▶ _Records provided_

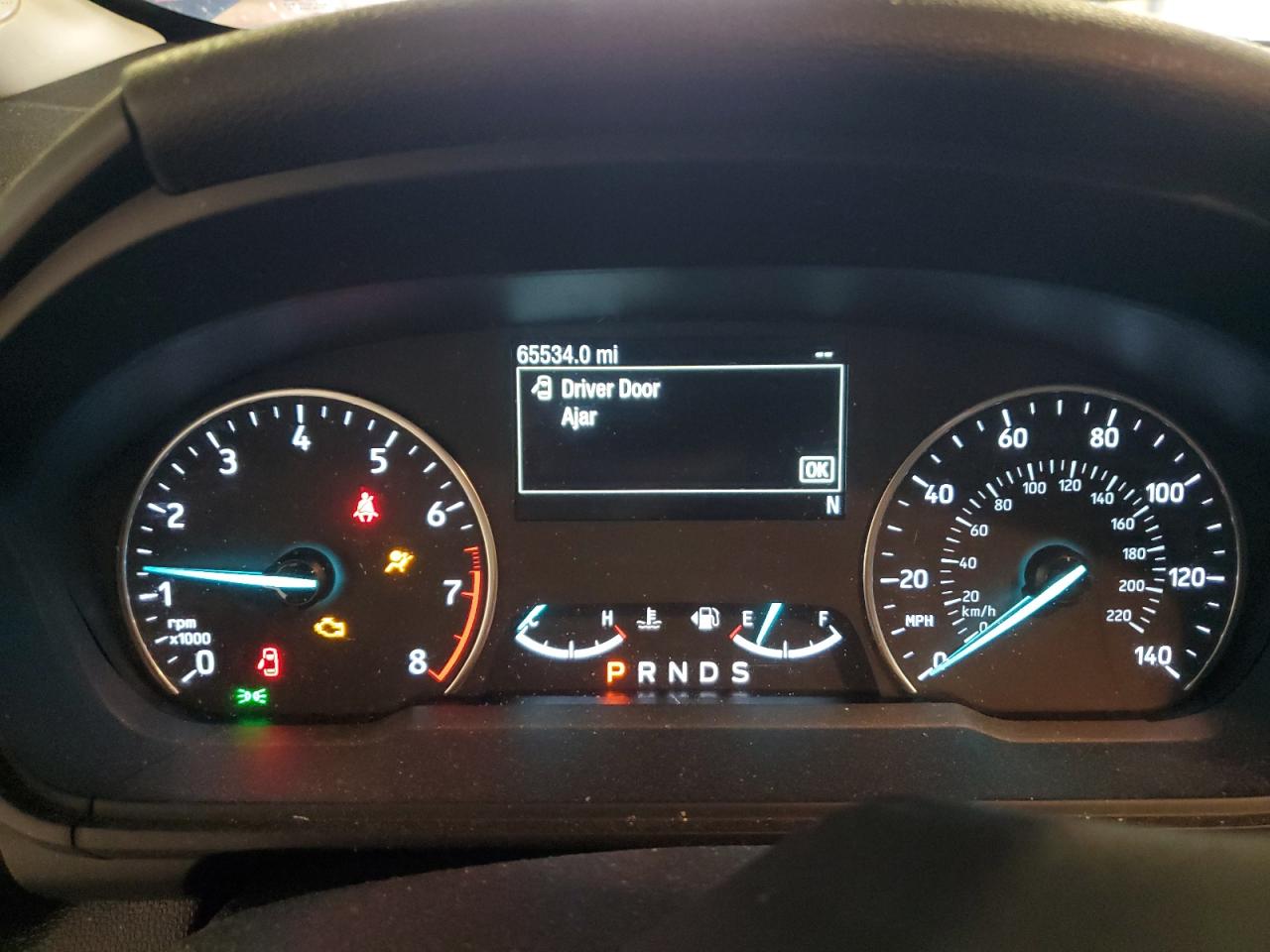 2021 Ford Ecosport Se VIN: MAJ6S3GL6MC455094 Lot: 93350175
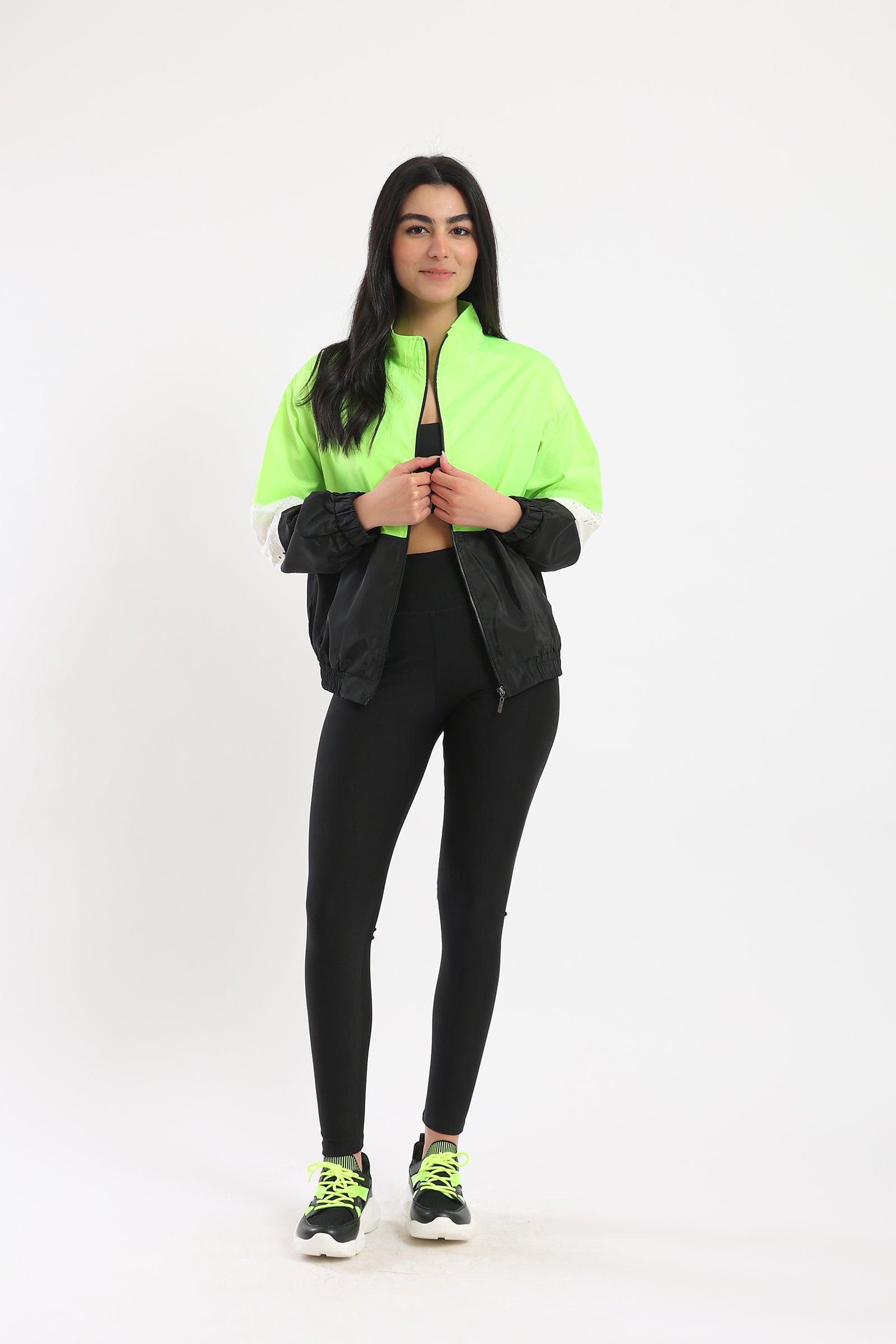 Windbreaker Sports Jacket - Clue-wear
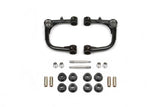 Fabtech 15-19 Toyota Tacoma 2WD/4WD 6 Lug 3in Uniball Upper Control Arm Kit - FTS26073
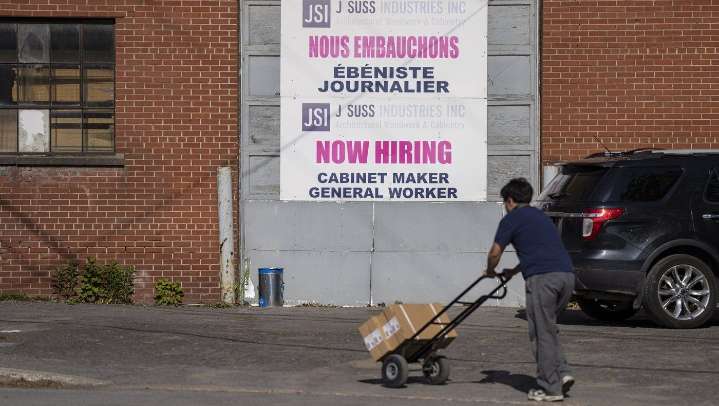 Conservatives pitch training reform to address high youth unemployment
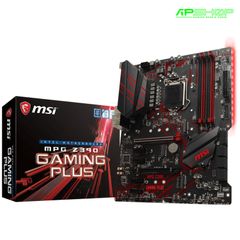 MSI MPG Z390 GAMING PLUS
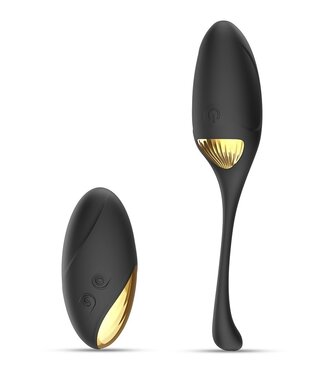 Rimba Dorcel - Secret Orgasm - Remote Control Egg - Zwart 6072424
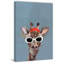 «Trendy Giraffe», reproduction d'art sur toile tendue-1118128094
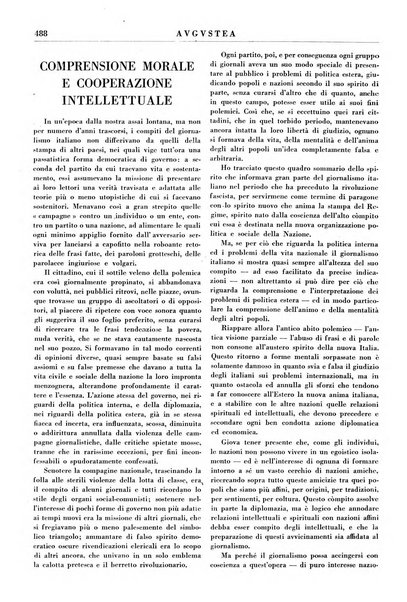 Augustea politica, economia, arte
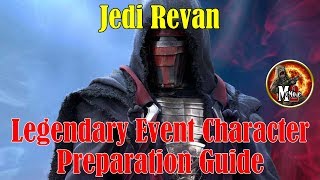 Why I Think Revan is a Legendary Event and how to Prepare [upl. by Felicle]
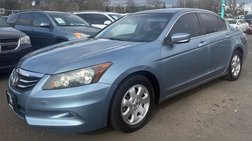 2011 Honda Accord LX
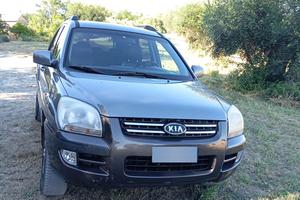 Kia Sportage 4×4 CC 2000 Turbo diesel.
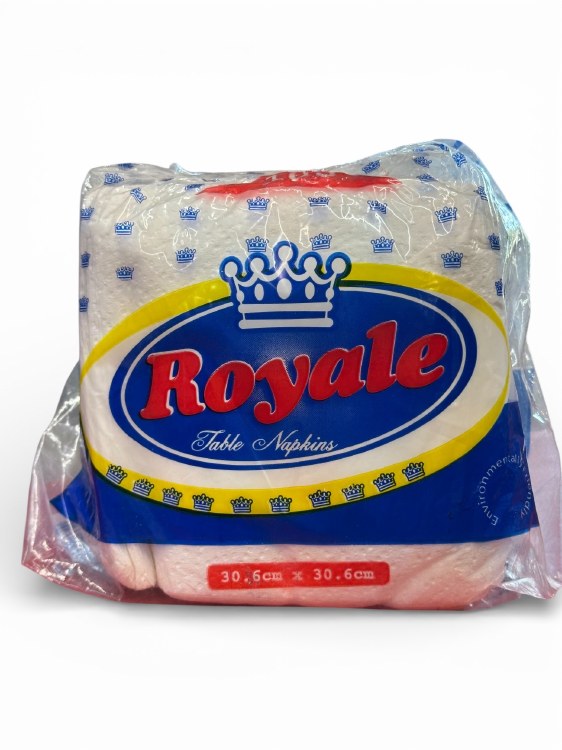 Napkin Royale 30cs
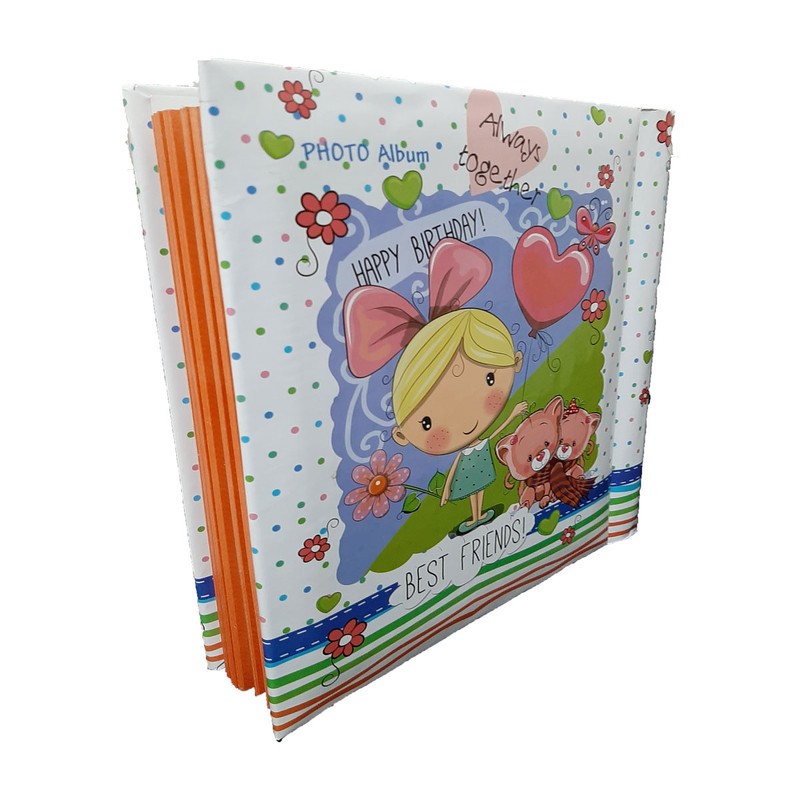 آلبوم عکس کودک مدل K20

▶ _Work request_
Only the lines starting at the one with "MSI MPG Z390 GAMING PLUS" and ending at the one with "Augustea politica, economia, arte" should be printed, each exactly as it appears in the material above; the pictures are to be omitted.

▶ _Worked solution_
 MSI MPG Z390 GAMING PLUS
 Rimba Dorcel - Secret Orgasm - Remote Control Egg - Zwart 6072424
 «Trendy Giraffe», reproduction d'art sur toile tendue-1118128094
 Augustea politica, economia, arte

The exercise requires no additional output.